*** Opening RECORDS PROVIDED ***

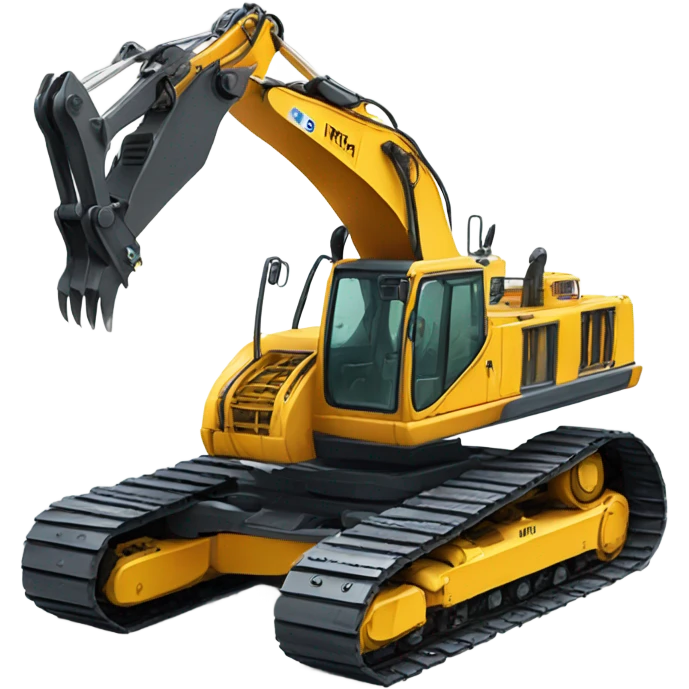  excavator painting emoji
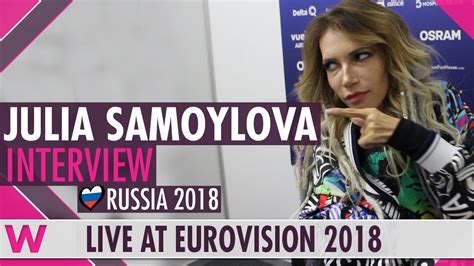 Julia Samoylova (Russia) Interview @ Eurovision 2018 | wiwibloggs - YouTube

*** Closing RECORDS PROVIDED ***
*** Opening RECORDS PROVIDED ***

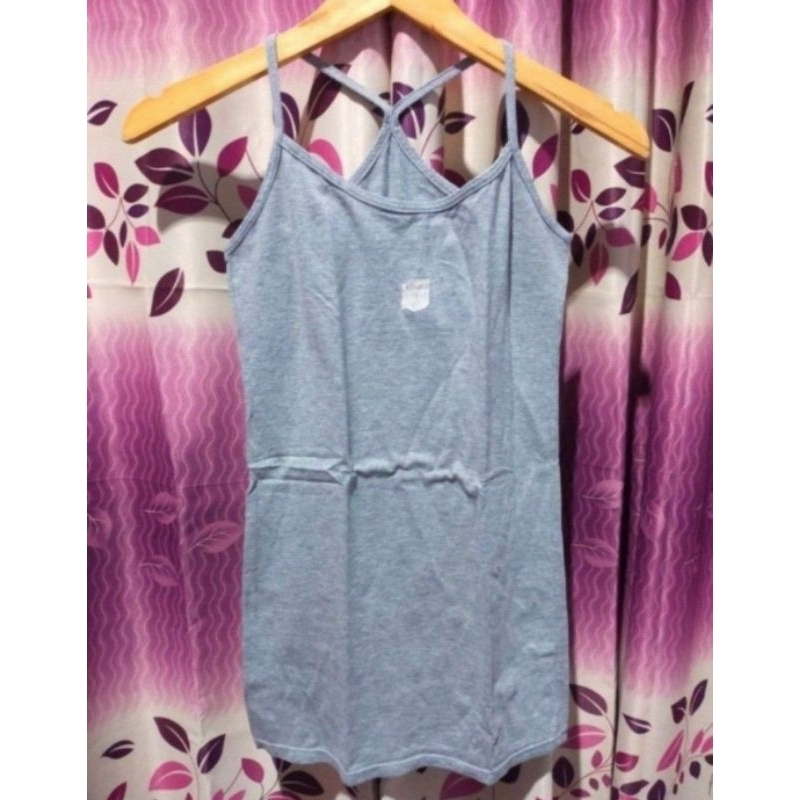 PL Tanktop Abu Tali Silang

*** Closing RECORDS PROVIDED ***

ASSIGNMENT
What you write out is the stretch of entries from the line containing "excavator painting emoji" to the line containing "Julia Samoylova (Russia)", word for word, with both end lines and no pictures.

ANSWER SPACE
  excavator painting emoji
 Julia Samoylova (Russia) Interview @ Eurovision 2018 | wiwibloggs - YouTube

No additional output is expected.